Heavenly Jewel Change Chapter 658 Bahasa Indonesia
Penerjemah: Zen Translations Editor: Zen Translations
Dengan pertarungan yang mencapai momen kritis terakhir, pada titik ini karena perlindungan sayap, tidak ada orang lain yang dapat melihat ekspresi aneh di wajah Zhou Weiqing. Sambil menggertakkan giginya, getaran energi aneh muncul di matanya.
*BANG* Bahkan saat Zhou Weiqing terkena serangan menusuk Zhan LingTian, bagaimana mungkin itu tanpa harga yang harus dibayar? Palu berwajah menangis menghantam bahunya dengan ganas, dan seluruh tubuh Zhan LingTian terlempar seperti bola meriam beberapa ratus meter jauhnya. Adapun Zhou Weiqing, meskipun tubuhnya terhuyung-huyung, dia masih berdiri tegak di sana.
Sayap di belakang punggungnya perlahan masuk ke dalam tubuhnya saat dia meninggalkan keadaan Transformasi Naga-Harimau, dan Zhou Weiqing mengarahkan Palunya ke arah Zhan LingTian, berteriak dingin: “Kau telah kalah.”

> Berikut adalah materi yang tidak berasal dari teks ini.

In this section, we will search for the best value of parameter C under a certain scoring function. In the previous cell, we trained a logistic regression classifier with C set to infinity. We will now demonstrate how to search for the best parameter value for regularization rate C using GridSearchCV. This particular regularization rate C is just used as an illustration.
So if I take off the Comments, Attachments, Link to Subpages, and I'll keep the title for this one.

Memang, Zhan LingTian telah kalah. Meskipun dia memiliki Set Legendaris, yang dirancang khusus untuk Tombak Ilahi Terang-Gelapnya… dia tetap kalah.
Zirah Zhan LingTian tidak mampu menahan pukulan terakhir, dan begitu pukulan palu brutal Zhou Weiqing mendarat, zirah Konsolidasi di sekitar bahu Zhan LingTian hancur total. Pada saat yang sama, seluruh bahunya hancur, Energi Surgawi di tubuhnya hampir sepenuhnya tercerai-berai akibat pukulan tersebut. Pertahanannya jauh dari mampu menahan pukulan seperti itu dari Zhou Weiqing.

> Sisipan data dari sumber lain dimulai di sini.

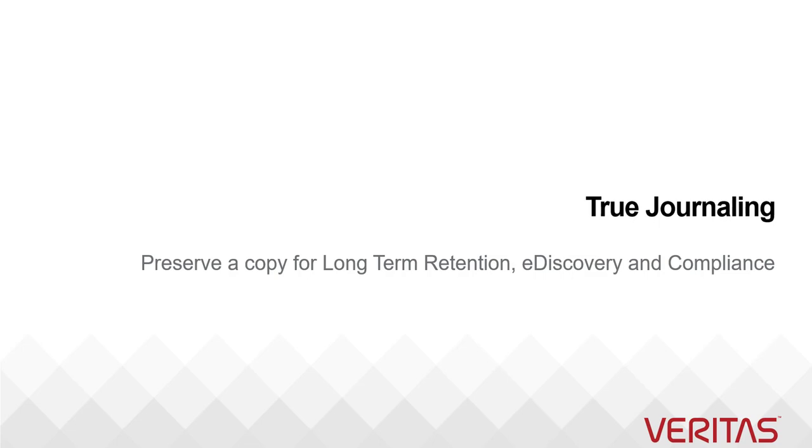Another important use case is eDiscovery where you need to investigate and find evidence that is required from litigation point of view. These are the primary use cases but there are many other use cases where journaling plays an important role.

Zhan LingTian tidak lagi memiliki kemampuan untuk bertarung. Dia tidak pernah membayangkan bahwa bahkan dengan pukulan dahsyat yang mengerahkan seluruh kekuatannya, pada akhirnya dia tetap tidak mampu mengalahkan Zhou Weiqing. Kerusakan akibat pukulan palu terakhir ini, dia perlu berkultivasi dan memulihkan diri setidaknya selama setengah tahun hingga satu tahun sebelum dia dapat pulih sepenuhnya. Ini adalah perkiraan yang bahkan setelah bantuan obat-obatan Pulau Permata Surgawi yang berharga.
Zhou Weiqing telah memenangkan pertarungan antara saingan cinta ini, tetapi saat dia mengucapkan kata-kata ‘Kau telah kalah’, matanya tanpa sadar beralih ke pihak lain.

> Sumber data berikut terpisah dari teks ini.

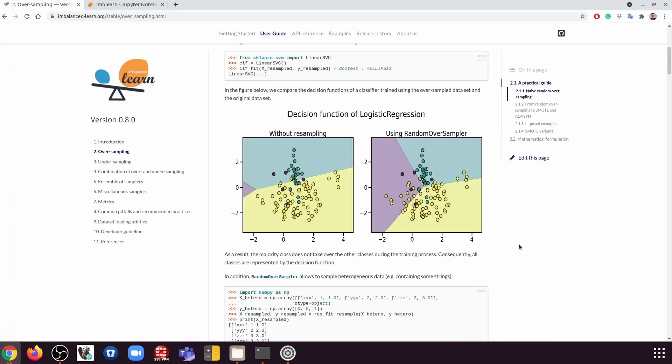Hi everyone, George here from Data Academy. Today we're going to talk about how to handle imbalanced datasets.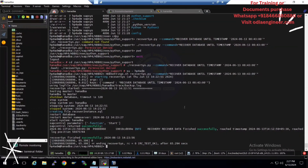We are also conducting OSDB migration and BTP administration batches this month. We are also providing server access at a very effective price so you can practice everything as shown here. If you're looking for server access, reach out to my team as well. Thank you and have a great day.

Tiga wanita muda, tampak persis sama, dengan kecantikan menakjubkan yang mampu menggulingkan kerajaan, bergegas menuju mereka dengan kecepatan yang mengejutkan. Dalam sekejap, mereka muncul di depan Zhou Weiqing.
Mungkin tragedi sebenarnya adalah bahwa ketiga wanita cantik ini hanya memperhatikan Zhou Weiqing, tak satu pun dari mereka memperhatikan Zhan LingTian yang telah terhempas.
“Si Gemuk Kecil!” Sebuah suara… begitu familiar… suara yang telah ia impikan berkali-kali… tiba-tiba terdengar. Pada saat itu, Zhou Weiqing merasakan seluruh jiwanya bergetar.
Rasa rindu yang kaya dan kuat, dipenuhi cinta. Tubuhnya bersinar dalam sekejap saat Peralatan Konsolidasi menghilang. Melihat sosok yang khawatir dan cemas di depannya, ia tiba-tiba membuka lengannya, menariknya ke dalam pelukannya.
Namun, pada saat itu juga, tubuh Zhou Weiqing perlahan jatuh ke belakang, terguling ke tanah bahkan saat teriakan kaget gadis muda itu terdengar.
Dua wanita muda cantik lainnya dapat dengan jelas melihat bahwa di area dada Zhou Weiqing, ‘bunga’ darah yang tampak menakutkan perlahan muncul. Pada saat itu, seolah-olah mereka kehilangan kemampuan untuk bernapas.
Ketiga wanita muda yang baru saja muncul itu tentu saja adalah tiga Saudari Shangguan. Kabar bahwa Zhou Weiqing telah naik ke Pulau Permata Surgawi telah sampai kepada mereka dengan cukup cepat, dan kerinduan Shangguan Bing’er akan Zhou Weiqing tidak kurang dari miliknya! Dengan permohonannya yang kuat, ketiga saudari itu bergegas menuju penginapan tempat Tim Pertempuran Busur Surgawi menetap. Sayangnya, Zhou Weiqing terlalu terburu-buru, bergegas keluar setelah tim menetap dan membawa tim ke Paviliun Konsolidasi Peralatan. Akibatnya, ketiga saudari itu sama sekali tidak bertemu dengan Tim Pertempuran Busur Surgawi.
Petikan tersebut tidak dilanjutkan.